> _GIVEN DATA_
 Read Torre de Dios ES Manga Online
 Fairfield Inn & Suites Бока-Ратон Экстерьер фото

--

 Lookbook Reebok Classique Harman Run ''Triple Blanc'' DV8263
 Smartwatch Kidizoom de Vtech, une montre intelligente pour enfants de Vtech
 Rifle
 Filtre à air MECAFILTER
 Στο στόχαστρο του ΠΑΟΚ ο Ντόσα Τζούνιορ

* * *

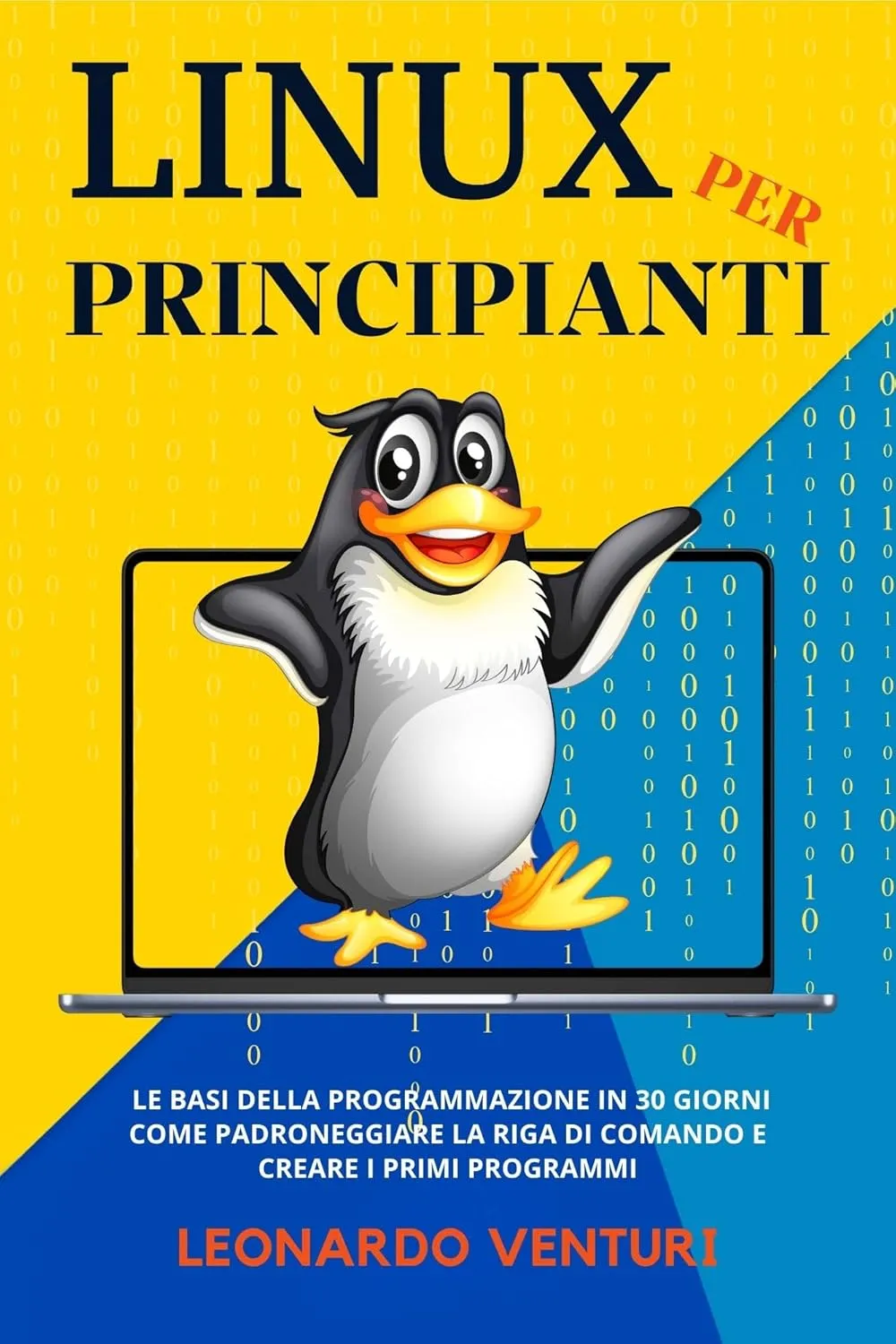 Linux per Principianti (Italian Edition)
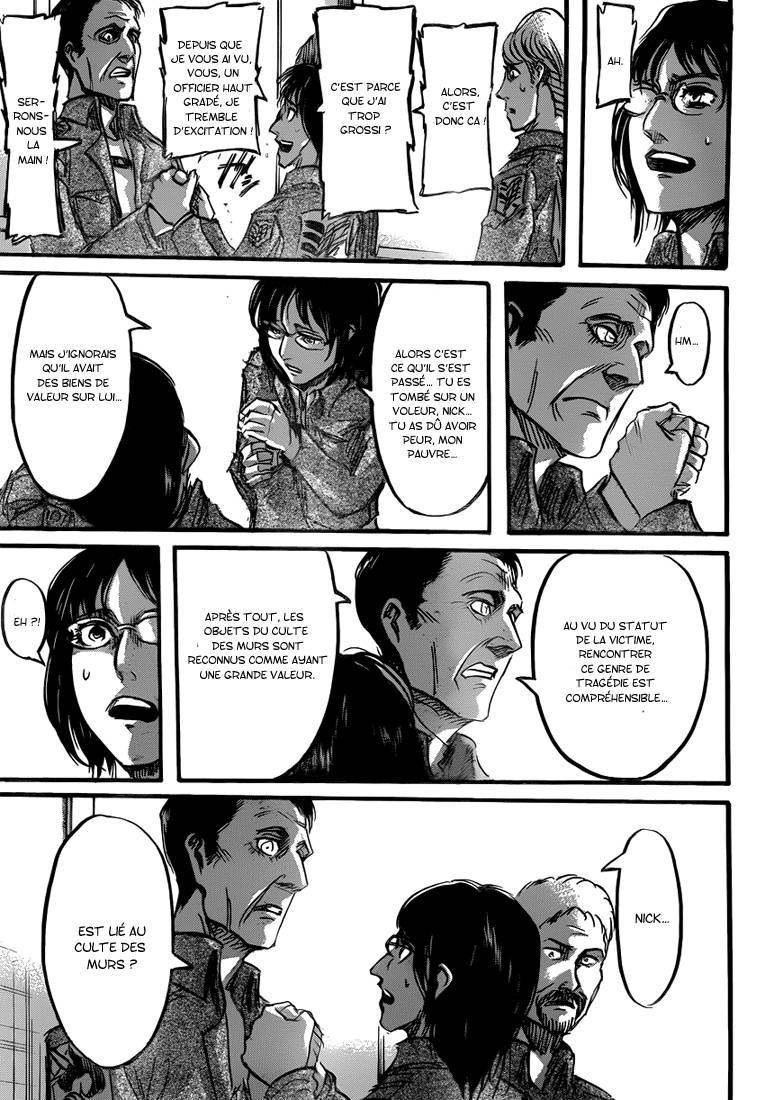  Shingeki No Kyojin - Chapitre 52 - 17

> _ABOUT THIS EXERCISE_
Return only the part of the records above that opens with the line containing "Read Torre de Dios ES Manga Online" and closes with the line containing "Fairfield Inn &", ends included.

> _TASK SOLUTION_
 Read Torre de Dios ES Manga Online
 Fairfield Inn & Suites Бока-Ратон Экстерьер фото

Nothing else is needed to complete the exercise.